• [Brief]
Strip out the pictures and transcribe the records that follow exactly.

[Provided records]

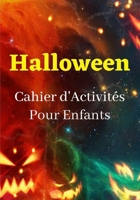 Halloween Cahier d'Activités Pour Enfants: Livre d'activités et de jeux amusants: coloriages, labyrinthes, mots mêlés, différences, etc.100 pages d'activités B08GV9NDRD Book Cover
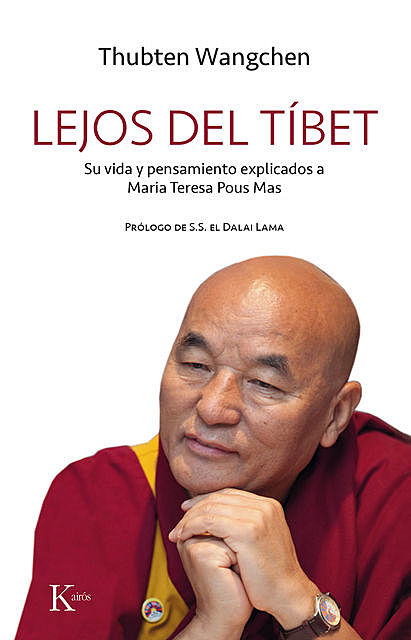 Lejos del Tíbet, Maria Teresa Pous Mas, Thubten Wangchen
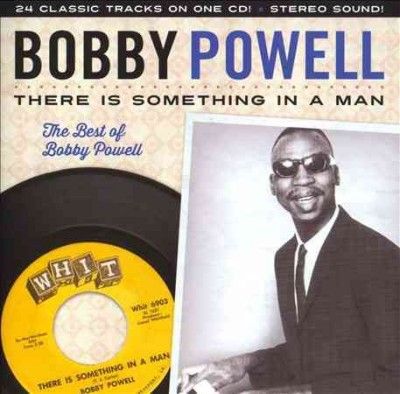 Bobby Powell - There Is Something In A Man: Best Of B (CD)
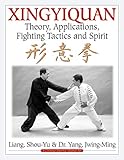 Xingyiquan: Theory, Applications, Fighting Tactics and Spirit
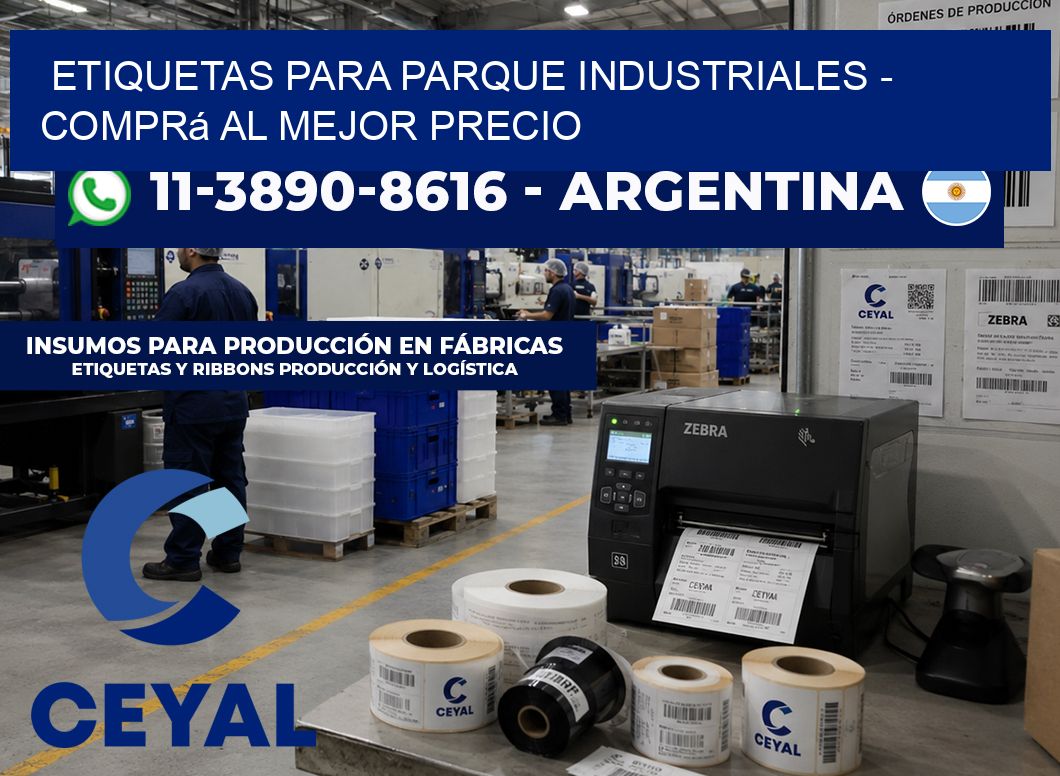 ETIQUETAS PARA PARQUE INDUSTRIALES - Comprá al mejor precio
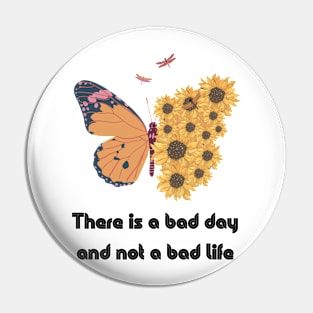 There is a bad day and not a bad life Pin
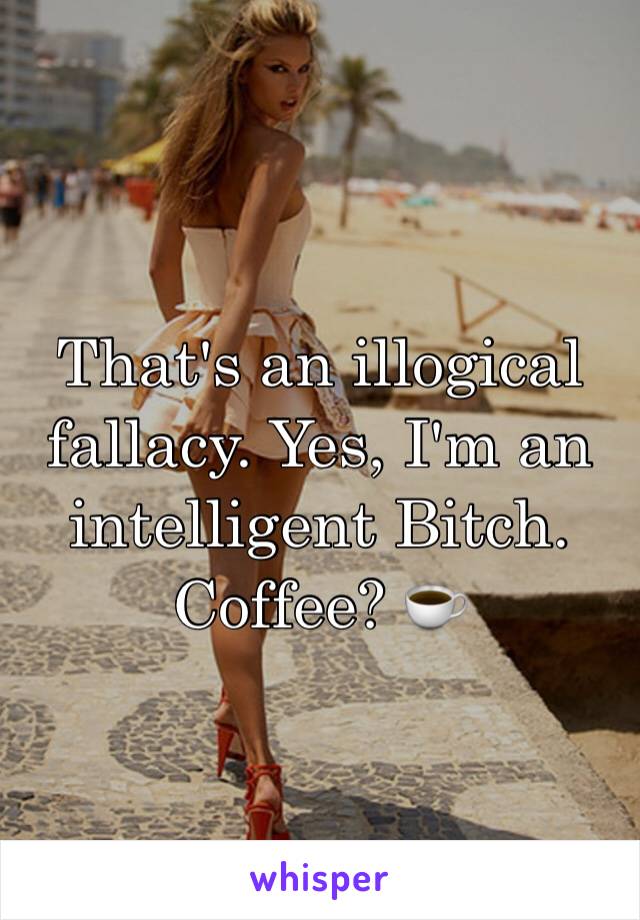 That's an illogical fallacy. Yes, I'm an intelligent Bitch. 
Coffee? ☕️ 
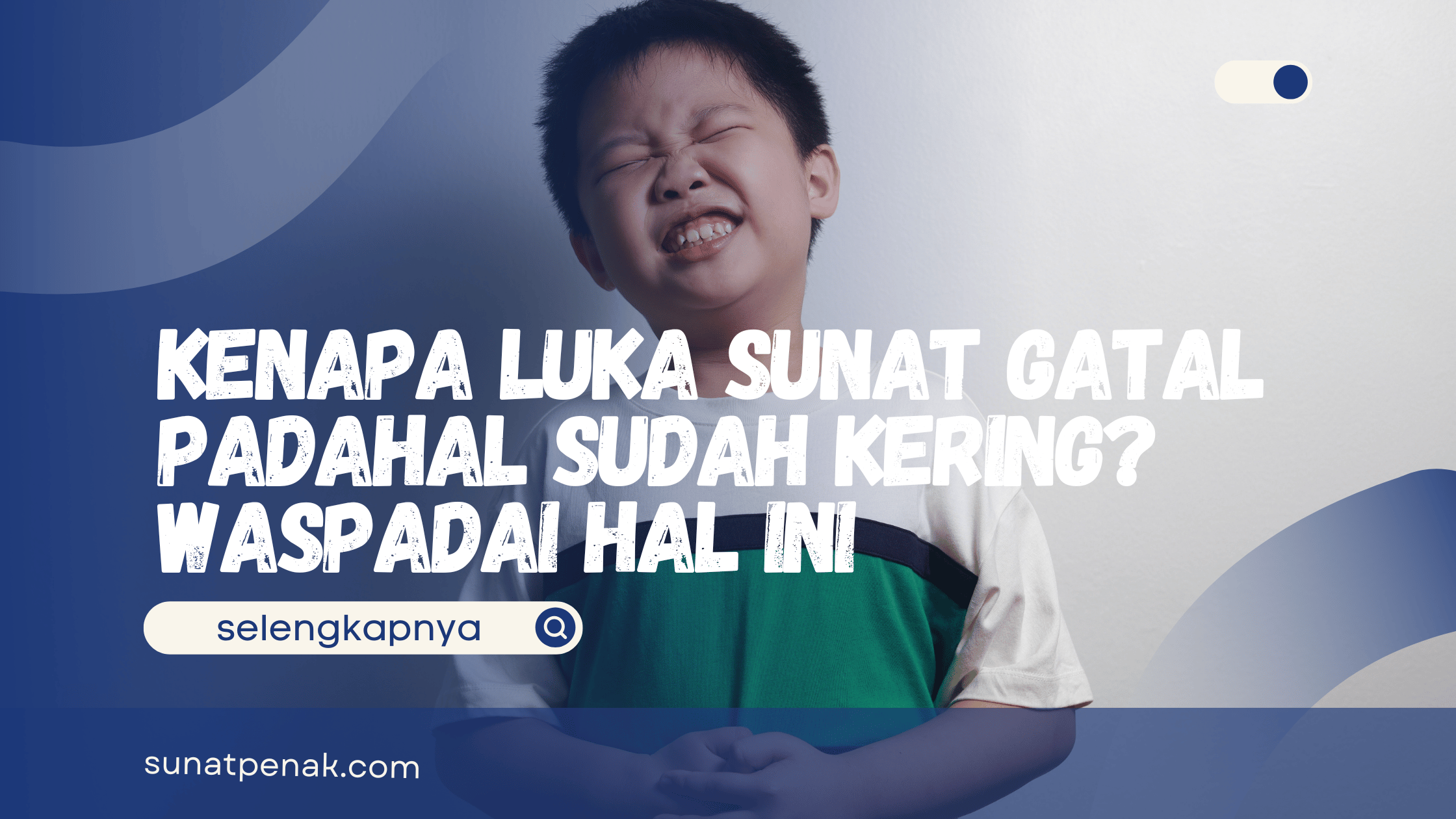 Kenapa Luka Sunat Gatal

[/Provided records]

• [Finished task]
 Halloween Cahier d'Activités Pour Enfants: Livre d'activités et de jeux amusants: coloriages, labyrinthes, mots mêlés, différences, etc.100 pages d'activités B08GV9NDRD Book Cover
 Lejos del Tíbet, Maria Teresa Pous Mas, Thubten Wangchen
 Bobby Powell - There Is Something In A Man: Best Of B (CD)
 Xingyiquan: Theory, Applications, Fighting Tactics and Spirit
 ETIQUETAS PARA PARQUE INDUSTRIALES - Comprá al mejor precio
 There is a bad day and not a bad life Pin
 That's an illogical fallacy. Yes, I'm an intelligent Bitch. 
Coffee? ☕️ 
 Kenapa Luka Sunat Gatal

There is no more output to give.